* **Work task**:
Report each line of the listing that carries the word "stand".

* **Data records**:
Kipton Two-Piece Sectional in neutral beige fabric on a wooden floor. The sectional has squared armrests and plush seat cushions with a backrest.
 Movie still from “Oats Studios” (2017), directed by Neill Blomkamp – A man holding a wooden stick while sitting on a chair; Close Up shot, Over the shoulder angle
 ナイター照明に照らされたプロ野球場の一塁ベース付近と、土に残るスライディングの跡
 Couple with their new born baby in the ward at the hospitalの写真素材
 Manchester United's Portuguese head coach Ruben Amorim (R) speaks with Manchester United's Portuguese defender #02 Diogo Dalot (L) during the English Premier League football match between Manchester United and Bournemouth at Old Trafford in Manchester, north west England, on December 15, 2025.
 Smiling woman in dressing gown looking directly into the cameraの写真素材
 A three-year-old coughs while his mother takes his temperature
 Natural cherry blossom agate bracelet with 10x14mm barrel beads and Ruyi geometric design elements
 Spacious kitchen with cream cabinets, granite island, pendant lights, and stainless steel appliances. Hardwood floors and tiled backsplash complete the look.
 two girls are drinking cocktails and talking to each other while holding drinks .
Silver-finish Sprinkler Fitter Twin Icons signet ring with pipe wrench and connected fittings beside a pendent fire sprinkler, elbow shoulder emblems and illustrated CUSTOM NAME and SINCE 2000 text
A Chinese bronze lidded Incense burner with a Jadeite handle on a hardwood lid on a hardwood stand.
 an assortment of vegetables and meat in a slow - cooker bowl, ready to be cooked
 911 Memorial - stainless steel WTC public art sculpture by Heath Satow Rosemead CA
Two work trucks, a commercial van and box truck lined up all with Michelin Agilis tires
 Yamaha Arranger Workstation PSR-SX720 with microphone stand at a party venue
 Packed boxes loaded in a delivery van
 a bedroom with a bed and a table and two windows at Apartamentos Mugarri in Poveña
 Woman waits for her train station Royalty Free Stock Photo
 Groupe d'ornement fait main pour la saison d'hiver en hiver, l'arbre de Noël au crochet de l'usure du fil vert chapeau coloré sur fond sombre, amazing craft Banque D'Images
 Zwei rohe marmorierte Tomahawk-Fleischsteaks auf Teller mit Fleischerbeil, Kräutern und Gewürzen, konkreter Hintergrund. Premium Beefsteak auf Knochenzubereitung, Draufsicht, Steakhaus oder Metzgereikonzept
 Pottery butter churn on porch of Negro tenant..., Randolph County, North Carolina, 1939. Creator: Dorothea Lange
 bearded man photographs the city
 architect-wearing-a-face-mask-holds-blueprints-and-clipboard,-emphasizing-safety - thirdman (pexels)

* **Task result**:
A Chinese bronze lidded Incense burner with a Jadeite handle on a hardwood lid on a hardwood stand.
 Yamaha Arranger Workstation PSR-SX720 with microphone stand at a party venue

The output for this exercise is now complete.